Example: space (0x20) → %20. At sign (0x40) → %40. Non-ASCII characters are encoded as their UTF-8 byte sequence, one %XX per byte: é (U+00E9) → %C3%A9 (two bytes).
Reserved vs unreserved characters
RFC 3986 divides URL characters into categories:
Unreserved: A-Z, a-z, 0-9, and - _ . ~. Never need encoding.
Reserved (gen-delims): : / ? # [ ] @. Have structural meaning in URLs. Encode if they’re part of data, not structure.
Reserved (sub-delims): ! $ & ' ( ) * + , ; =. Encode when used as data within query values — they have meaning in forms and query syntax.
Everything else: spaces, Unicode, unusual punctuation — always encode.
encodeURI vs encodeURIComponent — the JavaScript fork
JavaScript’s two URL encoders have different purposes and mixing them up is the #1 URL bug.
encodeURI: encodes a full URL. Preserves reserved structural characters (: / ? # & =). Use when you have a complete URL that needs to be made safe for transmission.
encodeURI("https://x.com/a b?q=1&r=2") → https://x.com/a%20b?q=1&r=2. Notice the space got encoded but ? and & did not.
encodeURIComponent: encodes a value that will be placed inside a URL component (one segment of a path, one value in a query). Encodes reserved characters. Use when building URLs from parts.
encodeURIComponent("a&b=c") → a%26b%3Dc. Encodes both & and = so they can safely appear as a value.
Rule: use encodeURIComponent on each part when assembling, not encodeURI on the whole.
The URLSearchParams approach — safer, modern
Skip manual encoding entirely for query strings:
const params = new URLSearchParams(); params.append( "q", "hello world"); params.append( "tag", "a&b"); url.search = params.toString();
Produces q=hello+world&tag=a%26b with correct encoding and no off-by-one errors. Use this pattern whenever possible.
Note: URLSearchParams uses + for spaces (legacy form encoding), while encodeURIComponent uses %20. Both decode correctly on the server; don’t mix them in the same URL.
Path encoding vs query encoding
Subtle differences between segments of a URL.

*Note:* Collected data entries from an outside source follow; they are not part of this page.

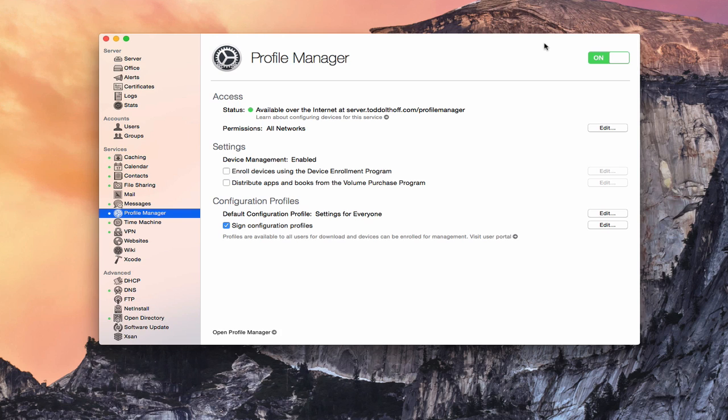And in order to do that, you need to have your devices enrolled in the Profile Manager system so that you're able to control those devices and do some of the settings profiles and those kinds of things that I'm going to show you in a future screencast how to use. So what I thought I'd do today is show you how to enroll those devices.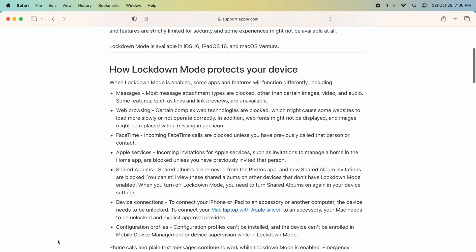To reduce the attack surface that potentially could be exploited by highly targeted mercenary spyware, certain apps, websites, and features are strictly limited for security, and some experiences might not be available at all.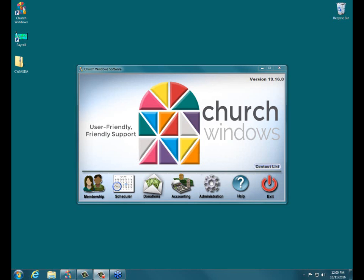Good afternoon, everyone. Welcome to today's webinar event. It is promptly noon Eastern Time. My name is Joshua, and I'm going to be your presenter for today's Church Windows Webinar Event.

Path segments: encode / if it appears in data (otherwise it creates a new path segment). Space as %20.
Query strings: + means space in traditional form encoding (application/x-www-form-urlencoded). In modern URL parsers, %20 works too and is unambiguous. & and = have structural meaning and must be encoded in values.
Fragments (#): similar rules to query; encode characters that break parsing.
Double-encoding — the classic trap
Encoding an already-encoded URL turns %20 into %2520 (because % becomes %25). The result looks URL-valid but the destination server gets the literal string “%20” instead of a space.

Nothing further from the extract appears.